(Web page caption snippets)
= = = =
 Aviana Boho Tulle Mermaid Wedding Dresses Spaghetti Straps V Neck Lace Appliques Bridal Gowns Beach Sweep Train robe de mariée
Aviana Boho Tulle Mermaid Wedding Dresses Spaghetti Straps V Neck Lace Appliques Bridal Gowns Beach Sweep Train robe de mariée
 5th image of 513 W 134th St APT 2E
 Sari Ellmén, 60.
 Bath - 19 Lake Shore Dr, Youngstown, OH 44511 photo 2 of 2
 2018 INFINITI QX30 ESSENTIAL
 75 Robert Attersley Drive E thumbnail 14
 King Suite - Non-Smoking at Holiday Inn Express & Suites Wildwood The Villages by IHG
= = = =
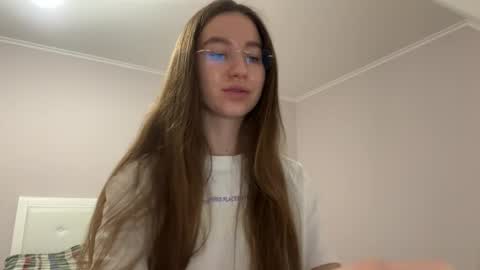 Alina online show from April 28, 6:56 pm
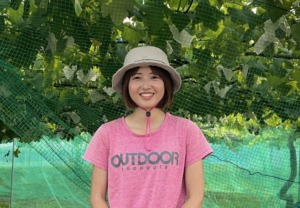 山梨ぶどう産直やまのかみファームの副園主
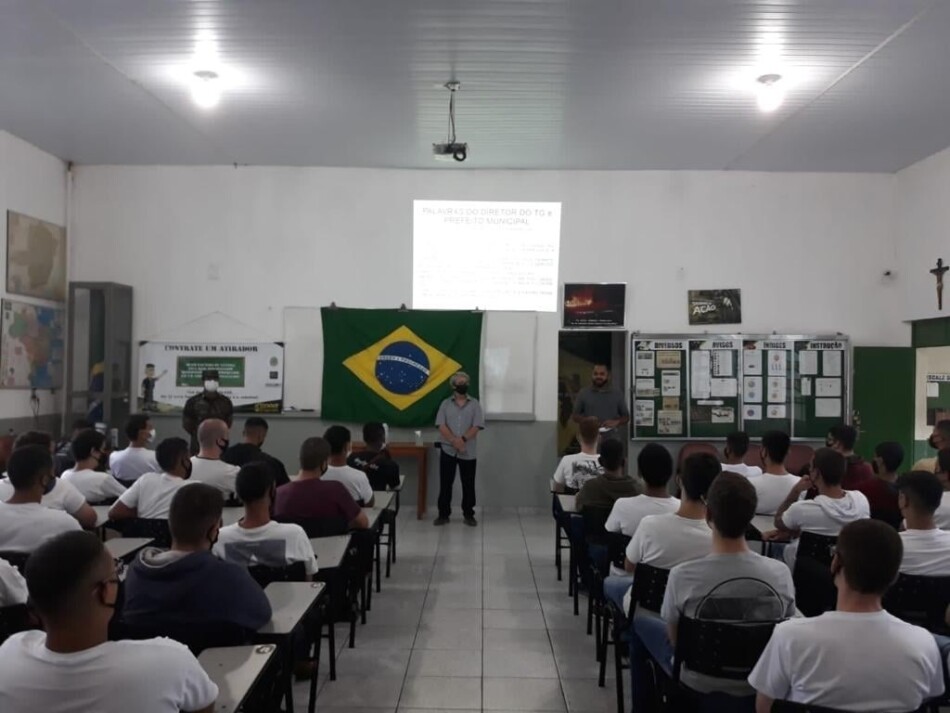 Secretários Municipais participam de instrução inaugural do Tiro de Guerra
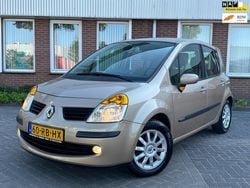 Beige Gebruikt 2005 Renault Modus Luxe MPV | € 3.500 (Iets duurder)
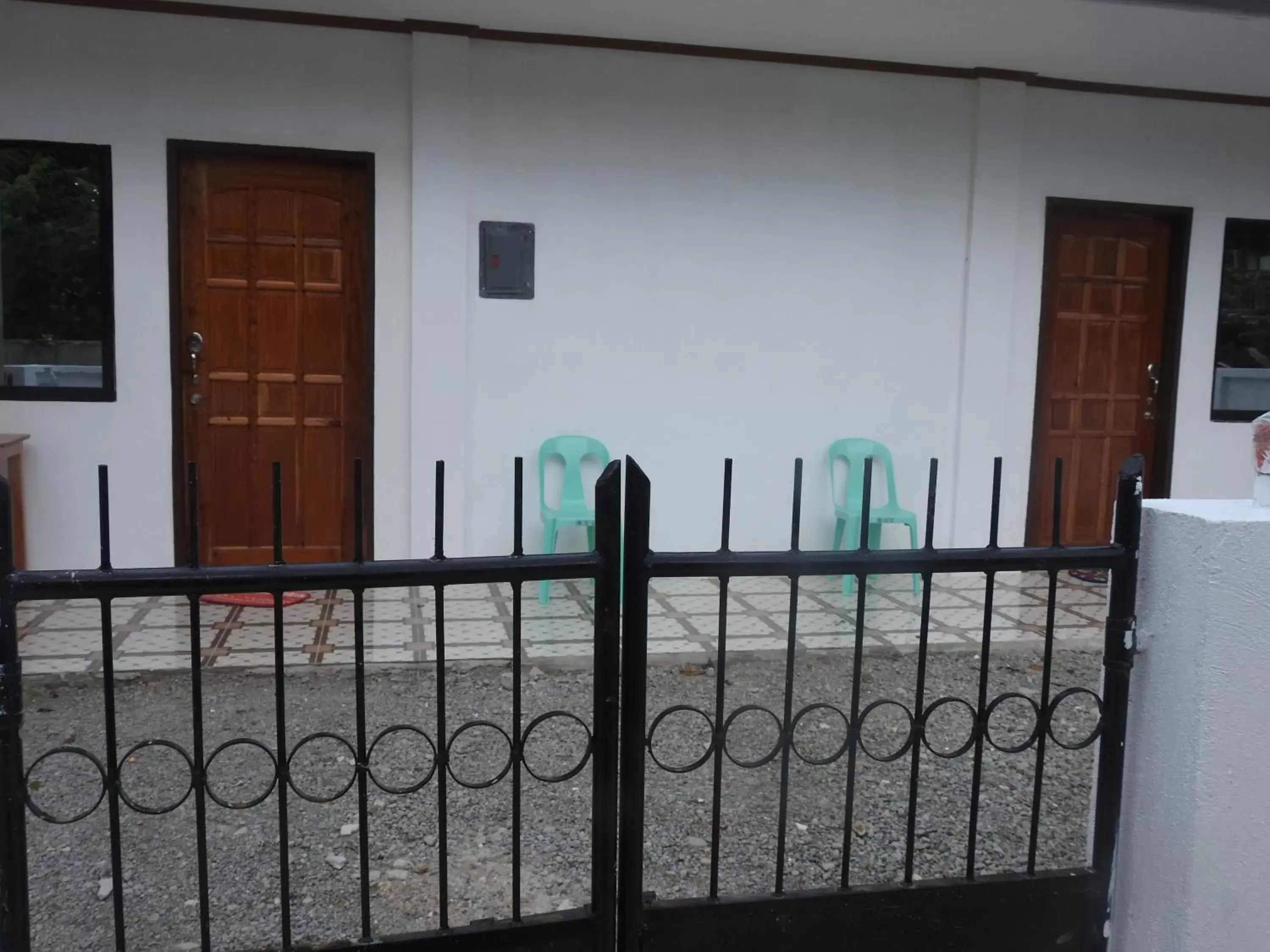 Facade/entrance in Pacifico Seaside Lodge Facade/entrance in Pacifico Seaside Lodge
= = = =
_Task brief_: In the entries above, the lines from the one bearing "5th image of 513 W 134th St APT 2E" up to and including the one bearing "King Suite - Non-Smoking" should be transcribed exactly; no other line is wanted.

_Reply to the exercise_:
 5th image of 513 W 134th St APT 2E
 Sari Ellmén, 60.
 Bath - 19 Lake Shore Dr, Youngstown, OH 44511 photo 2 of 2
 2018 INFINITI QX30 ESSENTIAL
 75 Robert Attersley Drive E thumbnail 14
 King Suite - Non-Smoking at Holiday Inn Express & Suites Wildwood The Villages by IHG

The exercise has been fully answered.